- Supreme Court of the United States

Argued January 4–5, 1911 Decided April 3, 1911
- Full case name: Dr. Miles Medical Co. v. John D. Park & Sons Co.
- Docket no.: 72
- Citations: 220 U.S. 373 (more)

Holding
- Vertical price restraints are illegal per se.

Court membership
- Chief Justice Edward D. White Associate Justices John M. Harlan · Joseph McKenna Oliver W. Holmes Jr. · William R. Day Horace H. Lurton · Charles E. Hughes Willis Van Devanter · Joseph R. Lamar

Case opinions
- Majority: Hughes, joined by White, Harlan, McKenna, Day, Van Devanter, Lamar
- Dissent: Holmes
- Lurton took no part in the consideration or decision of the case.

Laws applied
- Sherman Antitrust Act
- Overruled by
- Leegin Creative Leather Products, Inc. v. PSKS, Inc.

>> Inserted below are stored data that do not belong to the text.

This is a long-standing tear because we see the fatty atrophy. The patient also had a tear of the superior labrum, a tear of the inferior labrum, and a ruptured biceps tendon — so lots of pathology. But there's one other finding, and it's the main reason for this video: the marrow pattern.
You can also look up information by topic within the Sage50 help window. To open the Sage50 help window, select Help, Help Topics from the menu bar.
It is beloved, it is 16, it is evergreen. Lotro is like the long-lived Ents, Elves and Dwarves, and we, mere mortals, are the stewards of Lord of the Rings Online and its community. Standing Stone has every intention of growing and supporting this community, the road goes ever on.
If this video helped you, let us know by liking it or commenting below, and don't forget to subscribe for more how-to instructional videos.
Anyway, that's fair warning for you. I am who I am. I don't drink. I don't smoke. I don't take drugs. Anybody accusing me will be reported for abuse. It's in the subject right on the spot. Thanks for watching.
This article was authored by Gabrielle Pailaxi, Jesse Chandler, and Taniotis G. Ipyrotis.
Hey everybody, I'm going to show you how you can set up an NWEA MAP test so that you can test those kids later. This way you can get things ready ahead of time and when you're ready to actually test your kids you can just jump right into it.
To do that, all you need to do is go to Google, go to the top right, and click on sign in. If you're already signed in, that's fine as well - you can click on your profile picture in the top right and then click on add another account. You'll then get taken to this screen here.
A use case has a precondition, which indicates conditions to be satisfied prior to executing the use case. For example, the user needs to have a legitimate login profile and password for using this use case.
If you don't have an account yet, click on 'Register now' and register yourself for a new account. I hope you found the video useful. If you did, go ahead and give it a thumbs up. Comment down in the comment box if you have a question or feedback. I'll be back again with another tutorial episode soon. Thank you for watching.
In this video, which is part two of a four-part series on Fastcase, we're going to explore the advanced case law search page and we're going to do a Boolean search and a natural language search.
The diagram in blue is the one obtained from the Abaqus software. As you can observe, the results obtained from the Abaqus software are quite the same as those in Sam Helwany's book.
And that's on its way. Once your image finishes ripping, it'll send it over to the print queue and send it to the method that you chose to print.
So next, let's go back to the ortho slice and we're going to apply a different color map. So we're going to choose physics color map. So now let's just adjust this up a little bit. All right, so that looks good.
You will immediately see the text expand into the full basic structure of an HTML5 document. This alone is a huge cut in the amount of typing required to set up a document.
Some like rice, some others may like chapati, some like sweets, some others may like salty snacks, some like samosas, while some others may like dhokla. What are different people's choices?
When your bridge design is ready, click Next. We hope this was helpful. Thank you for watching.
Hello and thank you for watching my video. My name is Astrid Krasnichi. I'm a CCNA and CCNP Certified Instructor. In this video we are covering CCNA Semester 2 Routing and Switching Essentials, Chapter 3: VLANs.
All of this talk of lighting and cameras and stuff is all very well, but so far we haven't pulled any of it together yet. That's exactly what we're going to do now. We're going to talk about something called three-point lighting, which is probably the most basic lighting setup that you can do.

= Dr. Miles Medical Co. v. John D. Park & Sons Co. =

1911 US Supreme Court case

Dr. Miles Medical Co. v. John D. Park & Sons Co., (220 U.S. 373) (1911), was a United States Supreme Court case on anti-trust grounds that ruled that resale price maintenance, a form of vertical restraint, is illegal per se.

The Dr. Miles Medical Co. (Dr. Miles), now Miles Laboratories, was founded in 1884. In an era when most products were snake oil, Dr. Miles invented a patent medicine that had an actually useful, if somewhat toxic, active ingredient: bromides.

John D. Park & Sons Co. (Park & Sons) was a discount drug reseller that sought to profit off the advertising of Dr. Miles' remedies while selling Dr. Miles products at rock bottom prices. While lower prices drove sales for Park & Sons, it cut into the profits of Dr. Miles. To fix this, Dr. Miles made an agreement with all sellers of its products that they would be required to sell the products at a minimum price.